But! We’re out of milk. It makes me think of rationing during the war. Sometimes people used evaporated milk as a substitute. I had an uncle who reluctantly did that, but I can still hear him explode, “Blue John!” when it went into his coffee. He was of the opinion that canned milk was so free of cream that it turned the coffee blue. We did without a lot of stuff then. Mostly I was too young to notice or care, but we couldn’t get certain essentials. Like bubble gum. I remember with what great joy I bought my first post-rationing bubble gum.

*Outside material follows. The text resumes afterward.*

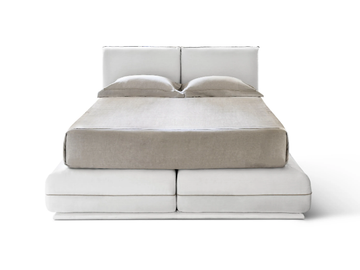 ALMOND - Fabric double bed with upholstered headboard by DOM Edizioni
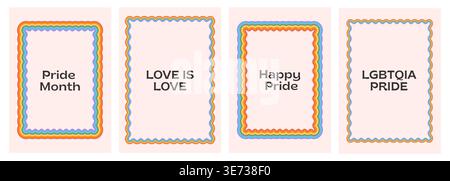 LGBTQ pride month poster set with groovy rainbow wavy frames. Retro aesthetic vertical banners with Love is Love and Happy Pride slogans for social Stock Vector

I was thinking that must’ve been hard for the adults—no rubber for tires, rationed gas and sugar. No shoe leather. But those people were just coming out of the Great Depression. They were used to not having much. Now we’ve been spoiled. Too much food available. Too much everything available, so it seems hard to do without things we’re used to. Maybe it’s supposed to be a character builder.
Years after the war, when I was in eighth grade my home ec partner and and I won first prize for our “Wartime Carrot Cake,” A blue ribbon! So, don’t ever let anyone tell you I’m not a prize-winning cook. Sugar had been rationed to 8 ounces a week per person, so often carrots and raisins were used to naturally sweeten cakes and biscuits. Here’s a recipe that sounds close to the one we used:
Wartime Carrot Cake
Heat oven to 425
8 oz self-rising flour
3 oz oleo or cooking fat (lard!)
3 oz sugar
4 oz finely grated carrots
2 oz raisins
1 dried egg(!) or fresh if available
A little milk or water
Sift flour into a bowl. Use a pastry blender or a couple of forks to rub in the fat. Add remaining ingredients and mix, adding enough milk or water to make it sticky. Pour into a greased baking tin and bake till golden in color. I wonder how long that is? I wasn’t able to kitchen test this recipe cause we are out of flour and sugar. And dried eggs. Thankfully we have toilet paper.